I don't blame you for your view. While politically in America it's easy to call someone ignorant for force feeding themselves biased news from one party vs another, obtaining information about other countries is legitimately difficult. It may sound pathetic to you, but that's only because you don't understand the scale of IT within the EU and haven't heard of the companies involved because they aren't multinational across continents and instead focus only on providing services within the EU.
Now. Who is gonna store the data? A European company I assume. Great. Which one? Its gotta be big enough to have the required scale.
Pick one. There's a lot of ignorance here as to the problem. The EU isn't some monolith and no one in the EU is proposing an EU wide single supplier. The scale does not need to cover 700 million people, it needs to cover the data requirements of each country.

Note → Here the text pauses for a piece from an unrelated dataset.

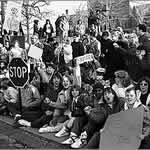 Gallaudet students camp along a busy street during the Deaf President Now protest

As for who has that capability, the EU is only marginally behind the USA when it comes to the number of datacentres, and has about 10x the number of datacentres that China has. There are many cloud providers in the EU, and what is being proposed isn't some strange uncertain case - the EU does not enforce those kinds of rules without feasibility studies, and those studies have shown that plenty of existing member nations *ALREADY HAVE THIS LEVEL OF SOVERIGNTY*.
The EU is literally full of cloud providers and enterprise service providers. It has it's own major AI companies too even if you look to that edge case. That you don't know about them isn't an EU problem (it's actually more of a benefit to the EU).
For example: One of the biggest issues in the Netherlands right now is regarding the purchase of Solvinity by Kyndryl - the latter of whom is a subsidiary of a US company. I will bet you haven't heard of either, despite one running critical digital infrastructure for an entire EU country.
1941 to 1990
You mean 1939?
Oh yeah wait a mo America only "came to its allies aid" after being attacked. That my man is not being a reliable ally, that's being purely self interested.
Would you suggest using Chinese hosted data centers?
Why would the alternative to the US be China when the EU has the second largest number of datacentres and cloud providers in the world? I think a better alternative would be education of the clueless people who think the EU doesn't have anything.
The EU has ~3000-4000 datacentres. China has about ~350-500 depending on which source you would look to.
There are never any bugs you haven't found yet.